I don’t always have the time (16-20 hours) and luxury to use my Low-and-Slow perfected recipes for Hickory Smoked Pulled Pork so I used a 5 hour turbo recipe to speed up the process. Some would say it’s sacrilegious but the scrumptious results speak for themselves.
Picked up 2 Boneless Pork Butts weighing a total of 19.6 lbs @$1.55/lb for $30.38 at Cash & Carry. Not a bad price for boneless. Cut each in half and trimmed some of the excess fat.
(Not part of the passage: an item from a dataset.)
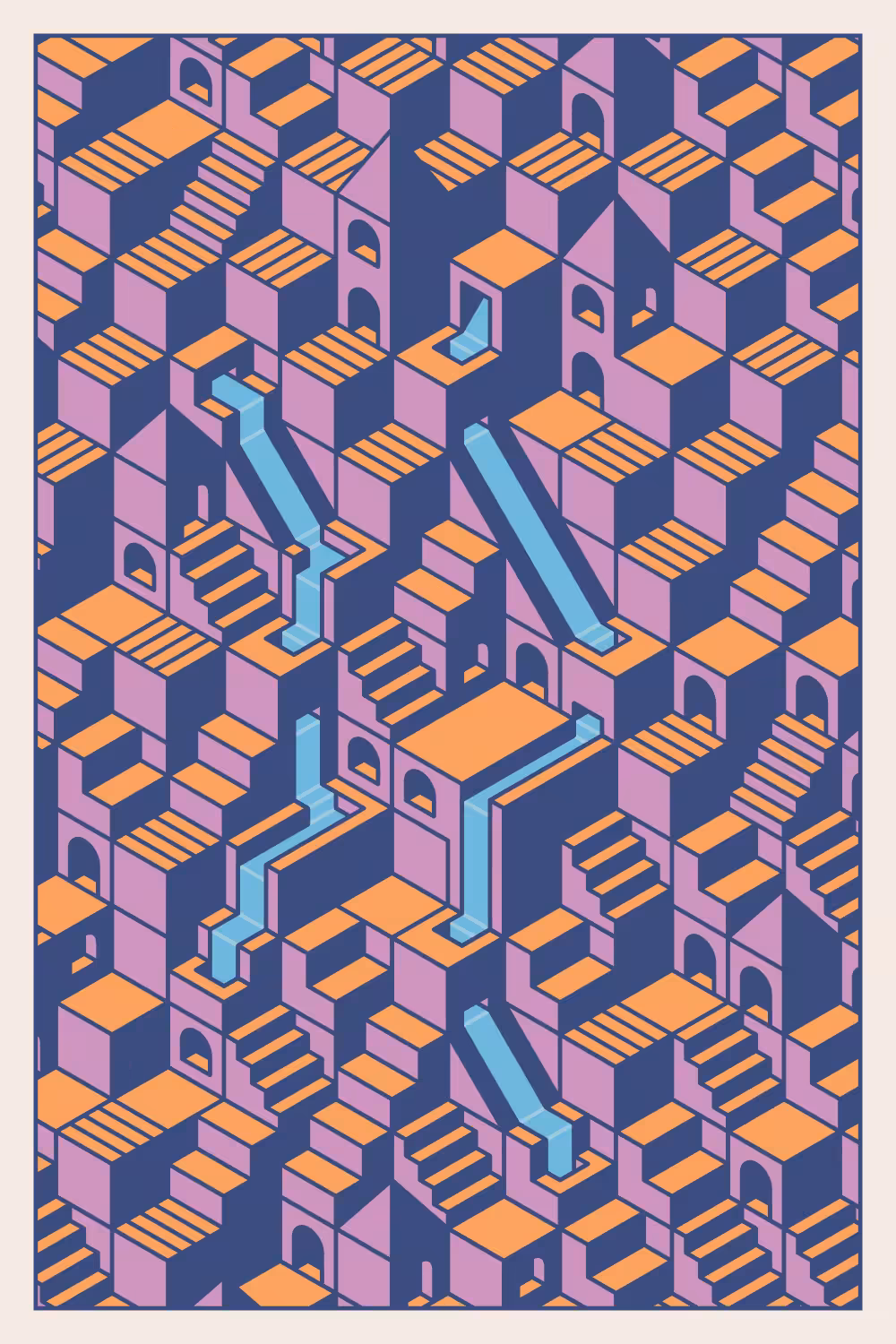 Acequia #22
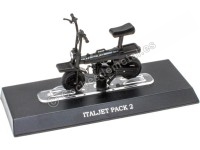 Compatible con Italjet Pack...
No need to leave more than ¼ inch or so since I believe it hampers the bark formation.
Rubbed the 5 lb Pork Butts with Annie’s Roasted Garlic Extra Virgin Olive Oil for the glue and Plowboys BBQ Bovine Bold. Wrapped the seasoned butts with Hot Cooking Bands made of high temp silicone to keep the boneless pork butts secure while cooking.
Wrapped 2 of them with plastic wrap and refrigerated overnight. Vacuum sealed the other 2 and into the freezer for future use.
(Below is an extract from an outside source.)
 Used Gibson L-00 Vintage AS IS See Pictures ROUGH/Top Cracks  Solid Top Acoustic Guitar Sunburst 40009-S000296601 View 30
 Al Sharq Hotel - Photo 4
Took the Pork Butts out of the fridge for half an hour while the MAK 2 Star Wood Pellet Smoker-Grill was preheating to 225ºF with Hickory wood BBQ pellets.
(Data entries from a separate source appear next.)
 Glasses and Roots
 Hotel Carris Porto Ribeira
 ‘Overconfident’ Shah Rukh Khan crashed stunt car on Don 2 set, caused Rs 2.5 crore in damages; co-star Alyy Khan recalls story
Smoked the butts for 2¼ hours at 230ºF with Hickory. Note the use of the cooking bands to keep the boneless butts in one piece. The Pork Butts started at an Internal Temperature (IT) of 42ºF and were at 100ºF at this stage.
Bumped the MAK 2 Star temperature to 375ºF until the IT reached 160ºF. Took 1½ hours to go from 100º to 160º. At this point let me stress the importance of relying on Internal Temperature when cooking everything. I only give times for planning purposes.
Removed the Pork Butts and double wrapped them with heavy duty foil before returning them to the 375ºF MAK 2 Star.
Keep the temperature probes in place in order to easily monitor the IT of the Pork Butts. Pull the Pork Butts when the IT reaches 200º – 205ºF.
Pulled the Pork Butts when the IT reached 204ºF. Started Pork Butts at 7:30am, removed them at 12:30 pm (5 hours). Since they were double wrapped in foil it made it easy to remove the probes, seal the Foil, wrap them in a Towel, and into the Cooler (FTC) for 4 hours.
After a 4 hour FTC the Pork Butt was still too hot to handle. Here you can see the great bark formation and juices to be used to mix back into the pulled pork. You’ll also note that the reusable cooking bands were none the worse for wear and they’re dishwasher safe. At this stage a total time of 9 hours has transpired versus the traditional 16 to 24 hours.
Here’s one of the two Pulled Pork Butts. Note the bark formation and smoke ring.
Here are both Pork Butts pulled and ready for consumption.
The Money $Shot$… Hickory Smoked Turbo Pulled Pork with a side of Cole Slaw and fresh homemade Pinto Beans …
Leftovers … 5 1½ lb bags vacuum sealed and into the freezer for great future grub …
The results were comparable to Pork Butts that normally take ~ 20+ hours except I didn’t lose any sleep. In my old age, I need all the beauty rest I can get! You can see from the photos that there was a nice bark on the butts after the 4 hour FTC and an ample amount of juices to mix back into the pulled pork. There was also a nice smoke ring. Overall it was just as good. It’s actually hard around here for me to find bone-in butts. Don’t know why. I also don’t think it makes much of a difference if you have the bone-in or boneless.